Could CAR T-cell therapy replace chemotherapy as the standard of cancer care?
After receiving CAR T-cell therapy, Cameron Lahti asked his parents why he didn’t receive it in the first place. “It’s easier than chemotherapy,” he told the Newmarket Era this past September.
Cameron responded very well to CAR T, but some kids are too sick—their T-cells too compromised—to benefit from it, after months or years of having the disease and of being treated with chemotherapy. “Will it work better if we treat earlier in the course of kids’ leukemia?” says Donna Wall. “Nobody knows. Will we be able to replace bone marrow transplants? Will we be able to replace the three years of chemotherapy?”
Nobody knows—yet. What is clear, though, is that after decades of development, CAR T-cell therapies are about to start sprouting up like daffodils in the spring. Health Canada is already looking at a second one called axicabtagene ciloleucel (trade name Yescarta), which has been recommended for commercial use by the FDA in the U.S., and which has applications for non-Hodgkin’s lymphoma. And it’s been reported that there are at least 20 CAR T-cell therapies currently “moving through clinical trials toward FDA review.”
“There’s potential in the future for these [therapies] to be effective not just against leukemia and lymphoma, but also against many other much more common types of cancer, the so-called solid tumours—lung, breast, colon, brain,” says Rob Holt, professor of medical genetics at UBC and Simon Fraser University. “They haven’t yet been developed to the state where they work well in all cancers, but those barriers are going to fall. And the question becomes, in Canada in particular, if we have a universal health care system, how could these therapies become universally available?”

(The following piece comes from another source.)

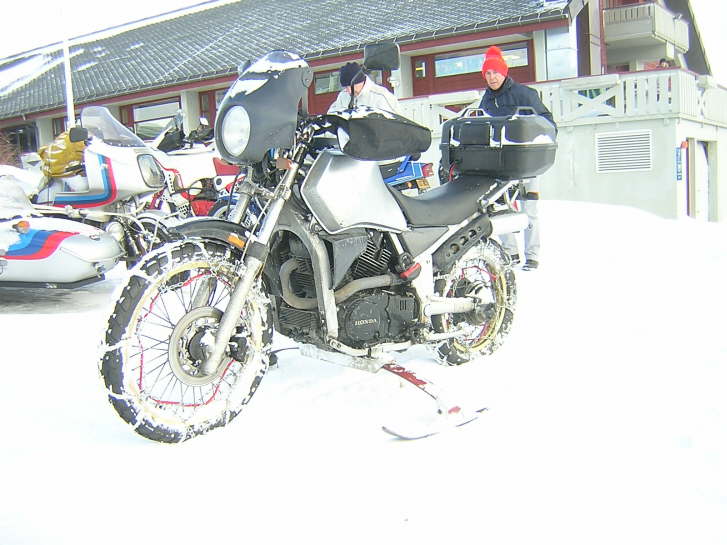 Solo mit Skiern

Holt is the project lead in health care implementation research currently being funded by the non-profit BioCanRx that is exploring whether it’s possible to design, manufacture and deliver CAR T-cell therapies within a public health care system. His team recently submitted a proposal to test what is essentially the equivalent of a generic CAR T-cell therapy in a clinical trial. “More and more people are seeing that this just isn’t going to fly in the universal health care systems,” says Holt. “So, some patients, those in greatest need, will be able to get the therapy and it will be reimbursed, but then what happens 10 years or 20 years down the road when now all cancer needs to be treated this way? It has the potential to be front-line therapy, basically replace conventional chemotherapy, at least for some, maybe most, patients.”
If that holds true, imagine the difference that might make in the future for a patient like Cameron Lahti, who for the past two-and-a-half years has been healthy—playing video games at home after school rather than in hospital while receiving chemotherapy. “For the first time, in a very long time, we are able to look forward,” says his mother, Debbie.